__Exercise__: Give again, word for word, every line in the entries below from the line with "What Is Affordable" up to and including the line with "皮肤有脂肪粒怎么办（男性根茎表皮长了脂肪粒怎么办）", and no other line.

****

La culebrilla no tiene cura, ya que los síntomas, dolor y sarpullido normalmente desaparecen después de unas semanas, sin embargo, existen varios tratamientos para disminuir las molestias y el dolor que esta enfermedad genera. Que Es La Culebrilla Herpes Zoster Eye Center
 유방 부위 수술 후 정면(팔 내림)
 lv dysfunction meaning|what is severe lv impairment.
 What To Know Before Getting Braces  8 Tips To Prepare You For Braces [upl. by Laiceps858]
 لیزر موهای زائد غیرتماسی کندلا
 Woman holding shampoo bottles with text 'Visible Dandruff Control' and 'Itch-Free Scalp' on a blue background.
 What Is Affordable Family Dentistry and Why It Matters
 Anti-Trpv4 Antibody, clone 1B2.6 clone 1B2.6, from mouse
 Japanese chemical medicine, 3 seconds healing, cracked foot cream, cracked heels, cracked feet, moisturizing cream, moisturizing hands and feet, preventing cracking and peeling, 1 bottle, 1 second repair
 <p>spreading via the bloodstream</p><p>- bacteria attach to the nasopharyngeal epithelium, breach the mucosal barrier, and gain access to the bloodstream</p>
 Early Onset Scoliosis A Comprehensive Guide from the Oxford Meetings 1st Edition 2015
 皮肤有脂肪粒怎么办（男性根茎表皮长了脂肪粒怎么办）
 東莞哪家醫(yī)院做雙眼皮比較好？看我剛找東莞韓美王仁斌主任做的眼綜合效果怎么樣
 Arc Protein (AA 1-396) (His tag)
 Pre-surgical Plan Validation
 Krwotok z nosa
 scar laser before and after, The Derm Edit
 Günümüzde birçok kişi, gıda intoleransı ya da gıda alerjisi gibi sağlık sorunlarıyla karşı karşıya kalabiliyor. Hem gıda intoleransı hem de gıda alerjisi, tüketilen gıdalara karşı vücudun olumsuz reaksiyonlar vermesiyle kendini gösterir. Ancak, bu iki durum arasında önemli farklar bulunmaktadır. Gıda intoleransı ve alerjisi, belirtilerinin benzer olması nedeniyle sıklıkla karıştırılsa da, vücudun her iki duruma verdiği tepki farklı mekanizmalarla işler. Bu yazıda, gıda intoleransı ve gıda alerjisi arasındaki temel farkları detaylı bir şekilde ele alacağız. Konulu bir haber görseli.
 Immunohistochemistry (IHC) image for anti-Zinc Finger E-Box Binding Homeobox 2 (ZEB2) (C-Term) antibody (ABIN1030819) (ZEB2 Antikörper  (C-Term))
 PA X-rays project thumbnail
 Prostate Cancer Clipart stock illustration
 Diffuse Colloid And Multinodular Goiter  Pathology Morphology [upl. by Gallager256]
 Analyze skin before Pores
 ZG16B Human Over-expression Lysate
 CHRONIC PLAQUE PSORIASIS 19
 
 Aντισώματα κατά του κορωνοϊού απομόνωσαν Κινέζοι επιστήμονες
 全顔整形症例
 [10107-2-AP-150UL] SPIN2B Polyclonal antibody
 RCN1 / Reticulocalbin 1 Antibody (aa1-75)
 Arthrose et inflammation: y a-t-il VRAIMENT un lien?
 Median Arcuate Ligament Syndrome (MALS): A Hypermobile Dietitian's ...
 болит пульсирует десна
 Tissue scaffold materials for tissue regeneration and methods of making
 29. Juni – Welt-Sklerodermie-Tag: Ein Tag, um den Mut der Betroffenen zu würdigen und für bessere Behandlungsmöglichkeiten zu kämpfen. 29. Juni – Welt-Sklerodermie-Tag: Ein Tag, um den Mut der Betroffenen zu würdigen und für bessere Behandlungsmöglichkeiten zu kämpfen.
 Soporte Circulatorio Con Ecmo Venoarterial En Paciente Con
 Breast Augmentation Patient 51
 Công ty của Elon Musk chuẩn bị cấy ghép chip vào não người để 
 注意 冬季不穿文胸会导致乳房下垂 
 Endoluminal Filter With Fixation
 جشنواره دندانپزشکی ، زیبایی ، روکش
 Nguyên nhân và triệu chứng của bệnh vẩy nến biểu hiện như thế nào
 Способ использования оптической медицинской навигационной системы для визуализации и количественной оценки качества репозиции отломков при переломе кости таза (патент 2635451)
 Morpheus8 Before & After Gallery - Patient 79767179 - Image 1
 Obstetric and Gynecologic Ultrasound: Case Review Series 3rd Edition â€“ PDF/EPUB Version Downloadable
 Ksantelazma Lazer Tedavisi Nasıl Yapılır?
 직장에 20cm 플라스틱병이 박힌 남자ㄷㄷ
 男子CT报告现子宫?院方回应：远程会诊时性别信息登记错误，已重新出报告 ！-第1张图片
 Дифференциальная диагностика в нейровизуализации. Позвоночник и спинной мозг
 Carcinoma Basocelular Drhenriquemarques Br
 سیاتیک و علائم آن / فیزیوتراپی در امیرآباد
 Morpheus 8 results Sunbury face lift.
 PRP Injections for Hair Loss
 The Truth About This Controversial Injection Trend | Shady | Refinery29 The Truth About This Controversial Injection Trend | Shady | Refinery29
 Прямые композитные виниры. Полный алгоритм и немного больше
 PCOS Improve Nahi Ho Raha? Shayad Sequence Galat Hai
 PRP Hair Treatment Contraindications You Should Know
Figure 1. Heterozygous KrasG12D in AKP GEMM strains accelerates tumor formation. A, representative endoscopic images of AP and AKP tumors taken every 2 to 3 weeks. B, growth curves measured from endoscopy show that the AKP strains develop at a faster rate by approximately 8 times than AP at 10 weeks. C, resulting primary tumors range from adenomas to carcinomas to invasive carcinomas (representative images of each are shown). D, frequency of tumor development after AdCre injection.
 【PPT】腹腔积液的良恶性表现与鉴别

****

__Exercise answer__:
 What Is Affordable Family Dentistry and Why It Matters
 Anti-Trpv4 Antibody, clone 1B2.6 clone 1B2.6, from mouse
 Japanese chemical medicine, 3 seconds healing, cracked foot cream, cracked heels, cracked feet, moisturizing cream, moisturizing hands and feet, preventing cracking and peeling, 1 bottle, 1 second repair
 <p>spreading via the bloodstream</p><p>- bacteria attach to the nasopharyngeal epithelium, breach the mucosal barrier, and gain access to the bloodstream</p>
 Early Onset Scoliosis A Comprehensive Guide from the Oxford Meetings 1st Edition 2015
 皮肤有脂肪粒怎么办（男性根茎表皮长了脂肪粒怎么办）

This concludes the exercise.